Exact copies of the lines from the one holding "SOARIN Vintage Double-breasted" through the last line of the entries below are to be printed, with pictures omitted.

Input records |

-- Opening Marker --

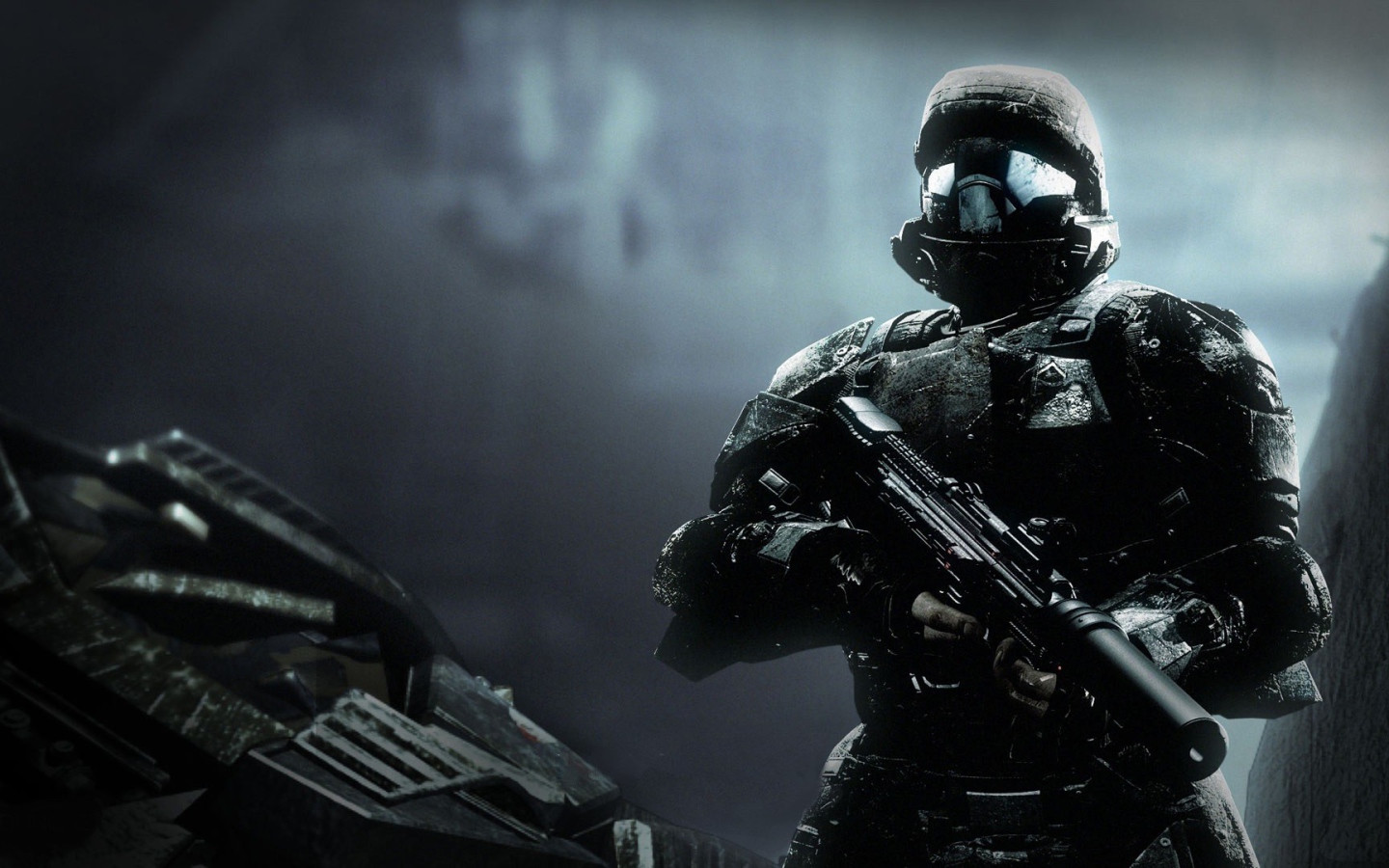 Солдат с оружием в игре Halo 3 ODST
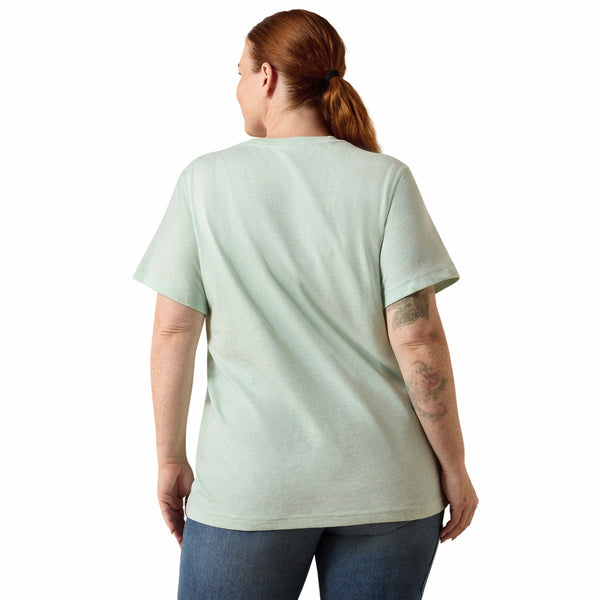 Ariat 10071627 Women's Rebar Cotton Strong Space Dyed T-Shirt - Clearly Aqua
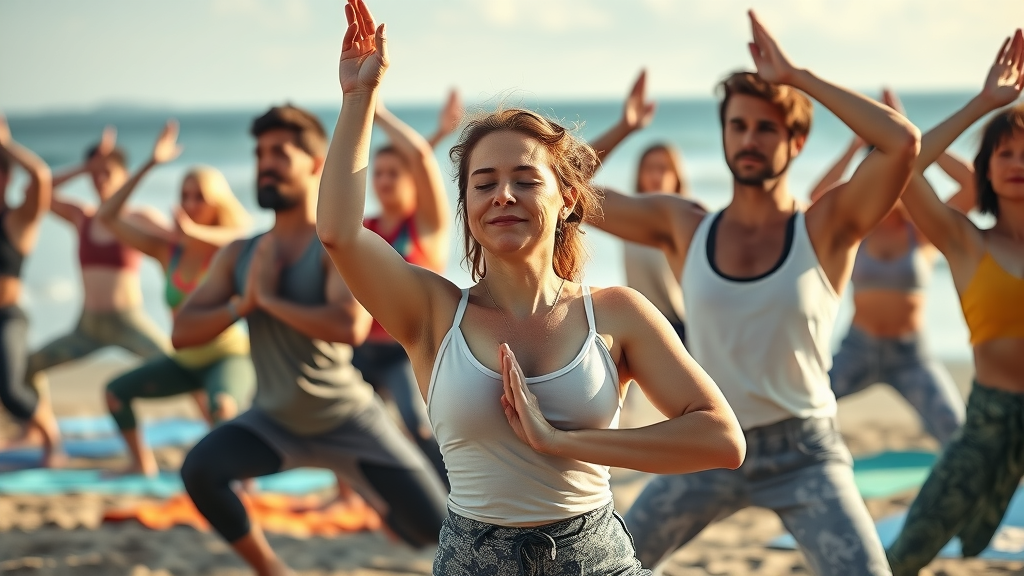Diverse group of people practicing yoga outdoors in Florida.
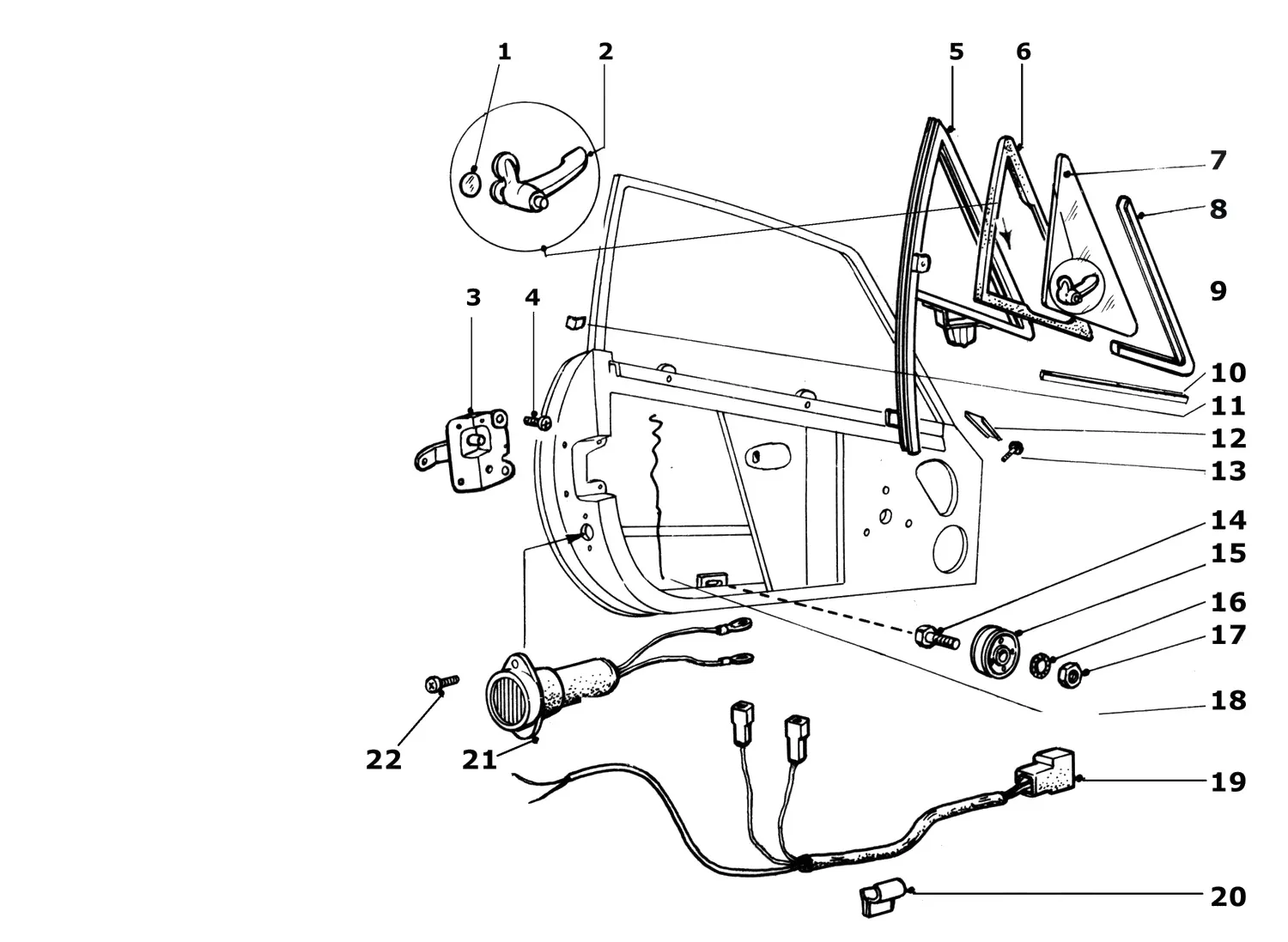 Ferrari 365 GTB4 (Daytona) Door Latch & Vent Window — Parts Diagram 222 ...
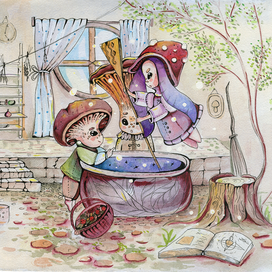 Грибной народ за работой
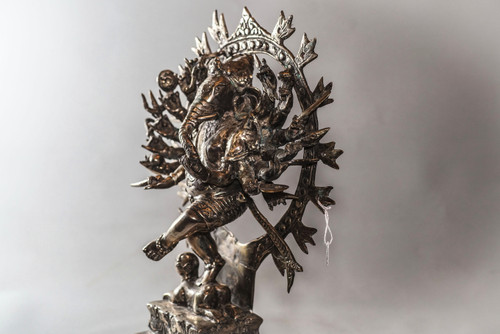Scultura Ganesh in bronzo placcato argento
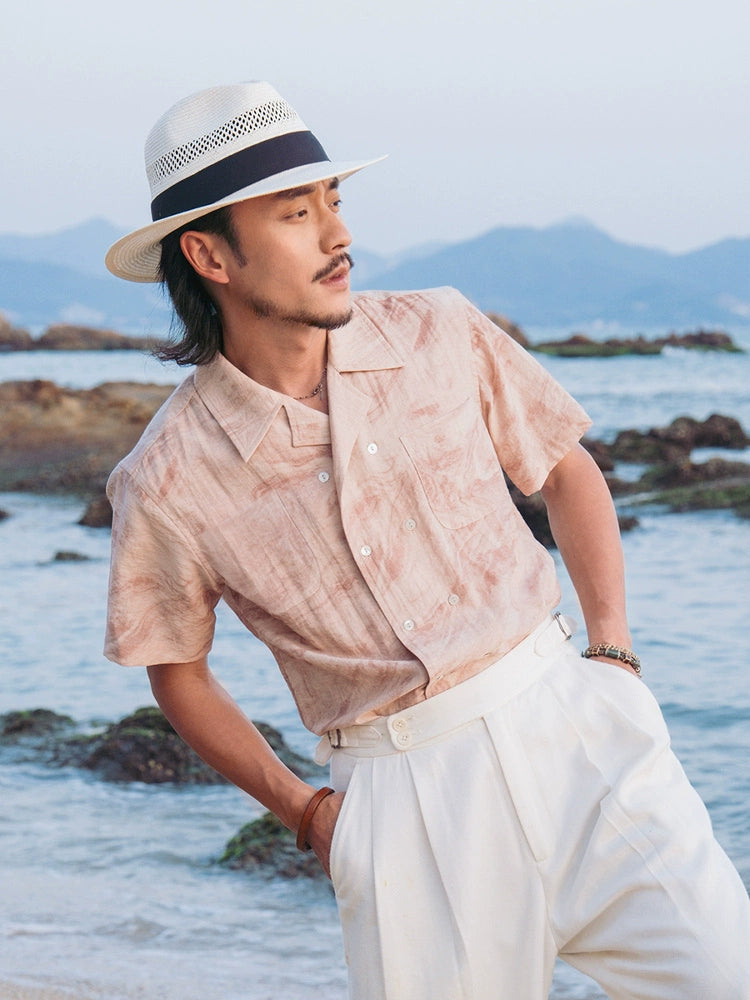 SOARIN Vintage Double-breasted Textured Simple Shirt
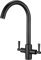 Kitchen Sink Mixer Taps Monobloc Dual Lever Brass Swivel Spout Matte Black Kitchen Tap Stainless Steel Faucet Swan Neck Mixer Taps 1 Hole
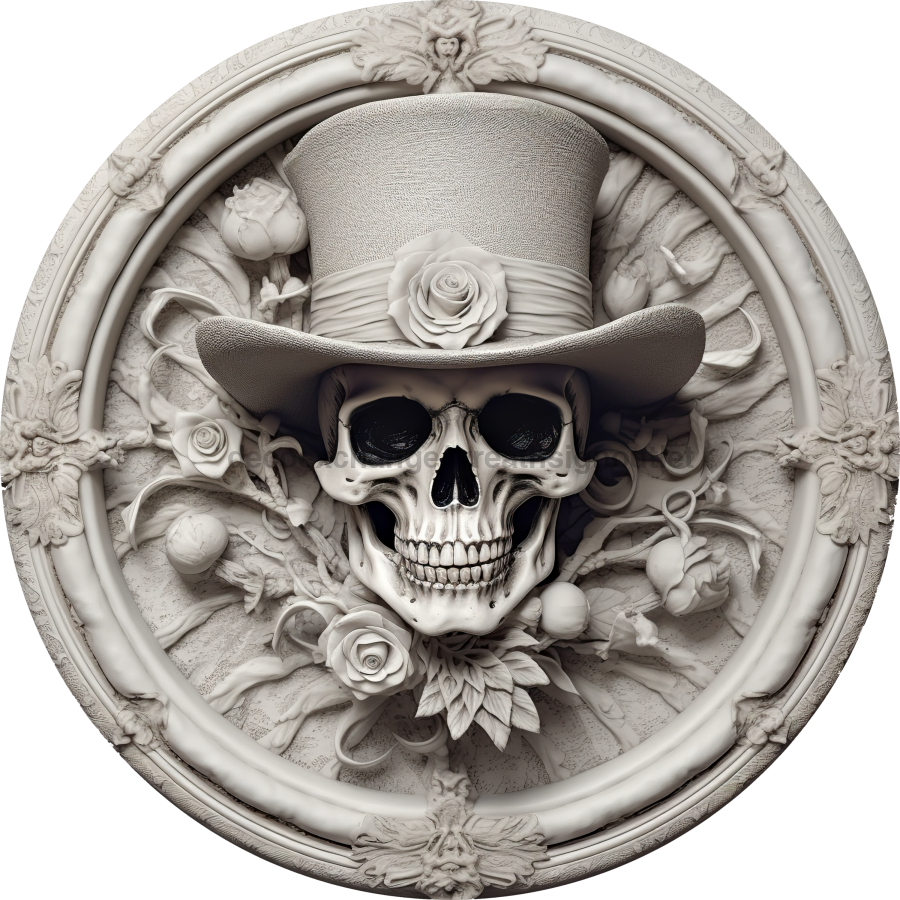 Halloween 3D looking Skeleton 8" Metal Wreath Sign - DECOE-4607-B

-- Closing Marker --

Solution for this problem |
 SOARIN Vintage Double-breasted Textured Simple Shirt
 Kitchen Sink Mixer Taps Monobloc Dual Lever Brass Swivel Spout Matte Black Kitchen Tap Stainless Steel Faucet Swan Neck Mixer Taps 1 Hole
 Halloween 3D looking Skeleton 8" Metal Wreath Sign - DECOE-4607-B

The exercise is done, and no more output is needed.